Le territoire complexe d'euralille marque une rupture avec la ville ancienne, dans le sillage du TGV. Mais les opérations d'aménagement récentes visent à renouer les fils avec les quartiers voisins et notamment le tissu constitué du faubourg de Roubaix. Au premier rang, le nouveau quartier Saint-Maurice, en bord de périphérique, rétablit le contact . L'opération y réalise un salutaire retour à la terre après avoir surmonté l'obstacle des voies rapides. L'aménagement retrouve le vrai sol et abaisse le plafond de ses constructions sous une toise urbaine de 28 mètres (R 8 maximum). Celle-ci constitue une révision du projet initial, étrangère au discours sur la congestion urbaine cher à Rem Koolhaas, concepteur d'Euralille à la fin des années 80. Une révision plus conciliante que déchirante : « Le quartier Saint-Maurice ne prend pas le contre-pied du projet Koolhaas, mais en prolonge la réflexion », défend Jean-Louis Subileau, directeur de la Saem Euralille, rappelant que « le quartier figure dans le périmètre de la ZAC depuis l'origine, sous la forme caricaturale et brutale, il est vrai, de deux barres. »
Consensuel, le projet Saint-Maurice vise à combiner un programme immobilier plutôt dense (59 000 m2 shob) au capital végétal existant de la friche industrielle d'origine. Erratiquement boisée, cette emprise foncière de 3,5 ha participe de la ceinture verte des anciennes fortifications, avec pour voisins le vieux cimetière de l'Est et le jardin des Dondaines. Le parti développé par l'équipe de conception constituée autour de Xaveer de Geyter consiste à remuer le moins de terre possible et à profiter de la déclivité naturelle du terrain (4 m) pour accéder aux parkings sous immeubles. Le tracé en lanières prolonge le tissu du faubourg voisin, avec la création de deux rues. Les immeubles sont positionnés sur ces bandes parallèles en fonction des arbres existants : sur les 136 inventoriés, 80 ont été conservés et 60 replantés. De hauteurs variables, les quatorze implantations évitent tout vis-à-vis et enfermement des espaces intérieurs.
Héritant du projet à son arrivée la Saem Euralille en 1998, Jean-Louis Subileau a eu pour principal souci de réamorcer un marché immobilier en panne depuis six ans. Si le parti urbanistique fut conservé dans ses grandes lignes, le programme a été entièrement repris pour introduire des bureaux dans les trois immeubles coupés nets en pignon sur le périphérique et démultiplier la maîtrise d'ouvrage en huit lots opérationnels. Le rapport au sol des immeubles et l'aménagement des espaces verts intérieurs ont fait l'objet d'un travail précis pour organiser la perméabilité du quartier. La succession des séquences paysagères induit des circulations transversales et des transparences visuelles affranchies du bâti. Les lignes sont traversées par des cheminements qui ménagent la surprise des vues des tours d'Euralille entre les immeubles. Le sol naturel est conservé dans son modelé d'origine. Les revêtements du chemin piéton varient selon les lieux et les séquences, de la maxi-dalle de béton enduit de résine, à l'opus de schiste en passant par des galets et des résines perméables. Une douzaine de séquences sont ainsi définies, allant du square modelé au parvis dallé, du passage sous immeuble au perron, du jardin public au verger privé. Autant d'ambiances qui captent le regard et retiennent le piéton dans un quartier situé à moins de mille mètres du centre-ville.
Fiche technique :
Maîtrise d'ouvrage : Saem Euralille.
Maîtrise d'oeuvre de conception : Xaveer de Geyter, en association avec Laloux & Lebecq, architectes, et Fabienne Fendrich, paysagiste.
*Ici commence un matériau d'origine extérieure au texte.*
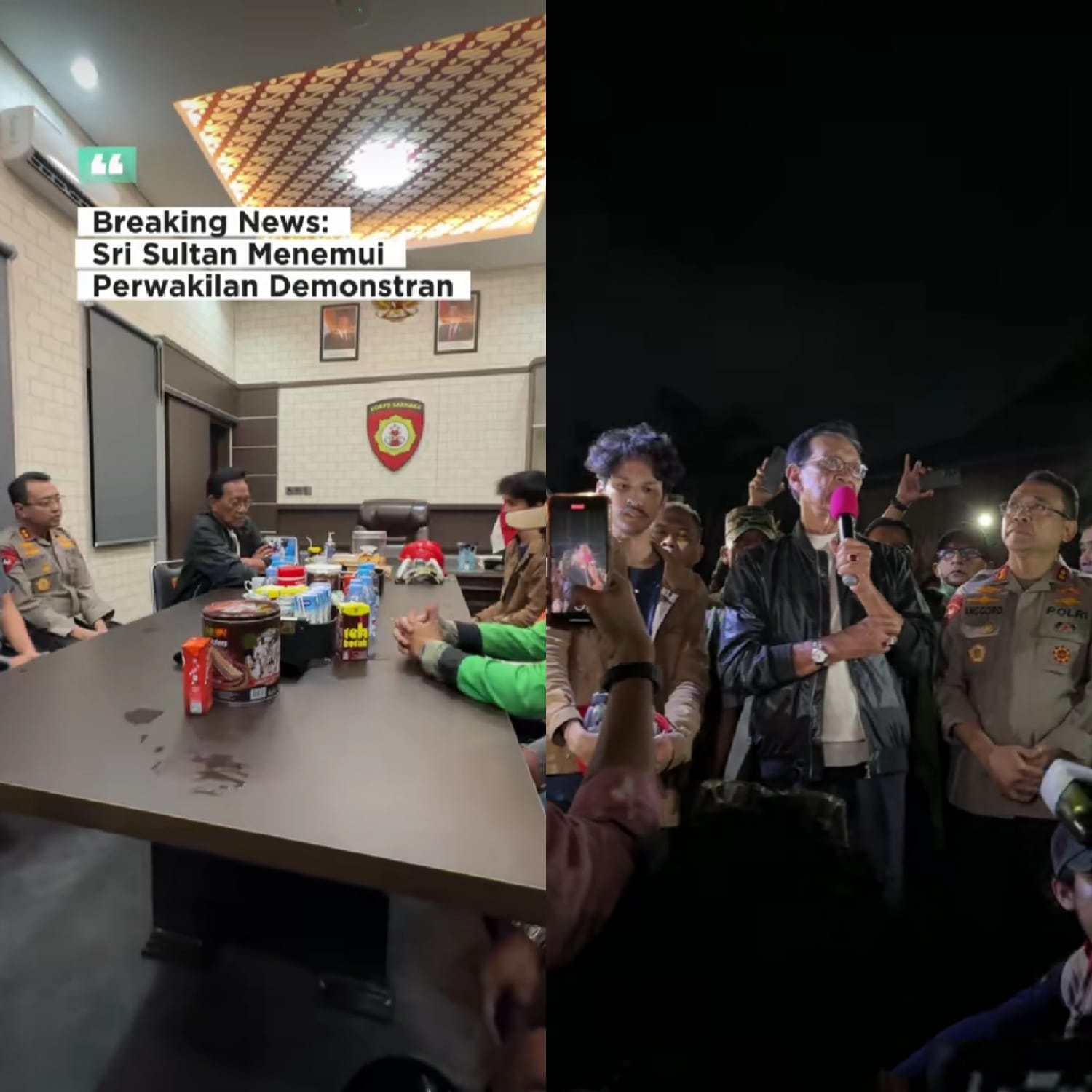 Hamengku Buwono X saat berada di Mapolda DIY dan saat menemui pendemo, Sabtu (30 /8/2025) dinihari.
Maîtrise d'oeuvre technique : services techniques de Lille Métropole communauté urbaine (section grands travaux).
Programme : 3,5 hectares d'emprise foncière, 52 000 m2 Shon répartis entre 17 000 m2 de bureaux et 450 logements, dont 15 maisons individuelles en 14 implantations et 8 lots opérationnels, 15 000 m2 d'aménagements publics et espaces verts
Calendrier : consultation en 1997, programmation opérationnelle en 1998-1999, livraison 2000-2004.
ILLUSTRATIONS :
A gauche, implantation en bandes parallèles des bâtiments du quartier saint-maurice face aux tours d'eurallille, et plan-masse montrant le traitement du sol des espaces publics.
Ci-contre et ci-dessus, une succession de séquences paysagères qui permet des circulations piétonnes et des transparences visuelles affranchies des volumes bâtis.